▶ EXERCISE PROMPT
Write out again the entries from the first line to the line that includes "Red Watermelons, Hearts, Stripes, Your", keeping both of those lines.

[DATASET — start]

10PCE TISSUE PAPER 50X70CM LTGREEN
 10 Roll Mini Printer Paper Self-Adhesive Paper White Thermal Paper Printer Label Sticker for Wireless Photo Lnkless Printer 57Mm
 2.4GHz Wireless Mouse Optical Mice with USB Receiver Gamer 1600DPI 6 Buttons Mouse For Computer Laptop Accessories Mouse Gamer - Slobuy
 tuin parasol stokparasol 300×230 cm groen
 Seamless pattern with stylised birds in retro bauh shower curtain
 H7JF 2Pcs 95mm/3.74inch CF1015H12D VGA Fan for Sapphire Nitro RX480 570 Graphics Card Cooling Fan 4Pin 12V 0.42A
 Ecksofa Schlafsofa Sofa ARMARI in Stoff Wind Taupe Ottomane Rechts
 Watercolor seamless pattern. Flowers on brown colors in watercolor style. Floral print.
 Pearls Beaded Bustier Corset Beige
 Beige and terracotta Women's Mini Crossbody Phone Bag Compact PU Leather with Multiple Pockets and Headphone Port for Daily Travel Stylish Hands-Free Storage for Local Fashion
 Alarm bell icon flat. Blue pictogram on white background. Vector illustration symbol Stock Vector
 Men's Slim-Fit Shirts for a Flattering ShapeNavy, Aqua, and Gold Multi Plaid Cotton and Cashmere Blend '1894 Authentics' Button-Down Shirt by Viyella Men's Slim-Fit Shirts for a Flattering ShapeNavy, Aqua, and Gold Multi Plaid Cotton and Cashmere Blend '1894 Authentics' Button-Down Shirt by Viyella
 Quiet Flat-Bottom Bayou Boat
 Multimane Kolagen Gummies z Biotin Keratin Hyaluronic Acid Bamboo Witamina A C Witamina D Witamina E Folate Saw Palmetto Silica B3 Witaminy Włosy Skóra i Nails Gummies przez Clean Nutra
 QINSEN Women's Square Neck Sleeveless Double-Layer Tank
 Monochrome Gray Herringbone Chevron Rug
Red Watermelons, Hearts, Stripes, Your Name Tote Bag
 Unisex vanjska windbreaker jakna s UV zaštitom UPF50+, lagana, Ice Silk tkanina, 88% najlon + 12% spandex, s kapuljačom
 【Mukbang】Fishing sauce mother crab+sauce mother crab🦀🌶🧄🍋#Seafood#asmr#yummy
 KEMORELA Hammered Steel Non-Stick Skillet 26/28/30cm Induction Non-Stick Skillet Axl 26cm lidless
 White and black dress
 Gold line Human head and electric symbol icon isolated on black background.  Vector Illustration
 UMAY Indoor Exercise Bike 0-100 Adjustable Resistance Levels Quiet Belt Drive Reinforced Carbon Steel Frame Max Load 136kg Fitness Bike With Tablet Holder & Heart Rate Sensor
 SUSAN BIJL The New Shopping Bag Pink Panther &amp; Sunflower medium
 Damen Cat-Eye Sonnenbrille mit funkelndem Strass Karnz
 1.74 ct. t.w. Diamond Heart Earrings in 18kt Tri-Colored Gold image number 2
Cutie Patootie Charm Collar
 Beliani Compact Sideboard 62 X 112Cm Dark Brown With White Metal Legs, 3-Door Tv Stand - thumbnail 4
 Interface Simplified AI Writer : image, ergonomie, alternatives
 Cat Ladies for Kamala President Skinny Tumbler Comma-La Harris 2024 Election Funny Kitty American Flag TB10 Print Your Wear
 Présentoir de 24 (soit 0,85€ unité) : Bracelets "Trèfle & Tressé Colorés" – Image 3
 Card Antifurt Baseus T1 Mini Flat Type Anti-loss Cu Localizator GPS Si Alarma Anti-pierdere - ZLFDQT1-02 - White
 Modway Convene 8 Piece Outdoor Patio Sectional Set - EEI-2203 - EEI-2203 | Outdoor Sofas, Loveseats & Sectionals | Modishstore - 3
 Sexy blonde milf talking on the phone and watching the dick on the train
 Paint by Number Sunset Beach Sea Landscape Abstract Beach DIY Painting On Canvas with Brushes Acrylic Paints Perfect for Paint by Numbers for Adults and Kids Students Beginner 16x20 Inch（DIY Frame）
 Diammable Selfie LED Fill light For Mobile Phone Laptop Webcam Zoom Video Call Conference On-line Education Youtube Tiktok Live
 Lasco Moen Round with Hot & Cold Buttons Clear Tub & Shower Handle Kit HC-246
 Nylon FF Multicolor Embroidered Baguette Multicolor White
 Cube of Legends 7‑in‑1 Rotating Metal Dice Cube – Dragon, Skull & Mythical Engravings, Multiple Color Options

[DATASET — finish]

▶ YOUR SOLUTION
10PCE TISSUE PAPER 50X70CM LTGREEN
 10 Roll Mini Printer Paper Self-Adhesive Paper White Thermal Paper Printer Label Sticker for Wireless Photo Lnkless Printer 57Mm
 2.4GHz Wireless Mouse Optical Mice with USB Receiver Gamer 1600DPI 6 Buttons Mouse For Computer Laptop Accessories Mouse Gamer - Slobuy
 tuin parasol stokparasol 300×230 cm groen
 Seamless pattern with stylised birds in retro bauh shower curtain
 H7JF 2Pcs 95mm/3.74inch CF1015H12D VGA Fan for Sapphire Nitro RX480 570 Graphics Card Cooling Fan 4Pin 12V 0.42A
 Ecksofa Schlafsofa Sofa ARMARI in Stoff Wind Taupe Ottomane Rechts
 Watercolor seamless pattern. Flowers on brown colors in watercolor style. Floral print.
 Pearls Beaded Bustier Corset Beige
 Beige and terracotta Women's Mini Crossbody Phone Bag Compact PU Leather with Multiple Pockets and Headphone Port for Daily Travel Stylish Hands-Free Storage for Local Fashion
 Alarm bell icon flat. Blue pictogram on white background. Vector illustration symbol Stock Vector
 Men's Slim-Fit Shirts for a Flattering ShapeNavy, Aqua, and Gold Multi Plaid Cotton and Cashmere Blend '1894 Authentics' Button-Down Shirt by Viyella Men's Slim-Fit Shirts for a Flattering ShapeNavy, Aqua, and Gold Multi Plaid Cotton and Cashmere Blend '1894 Authentics' Button-Down Shirt by Viyella
 Quiet Flat-Bottom Bayou Boat
 Multimane Kolagen Gummies z Biotin Keratin Hyaluronic Acid Bamboo Witamina A C Witamina D Witamina E Folate Saw Palmetto Silica B3 Witaminy Włosy Skóra i Nails Gummies przez Clean Nutra
 QINSEN Women's Square Neck Sleeveless Double-Layer Tank
 Monochrome Gray Herringbone Chevron Rug
Red Watermelons, Hearts, Stripes, Your Name Tote Bag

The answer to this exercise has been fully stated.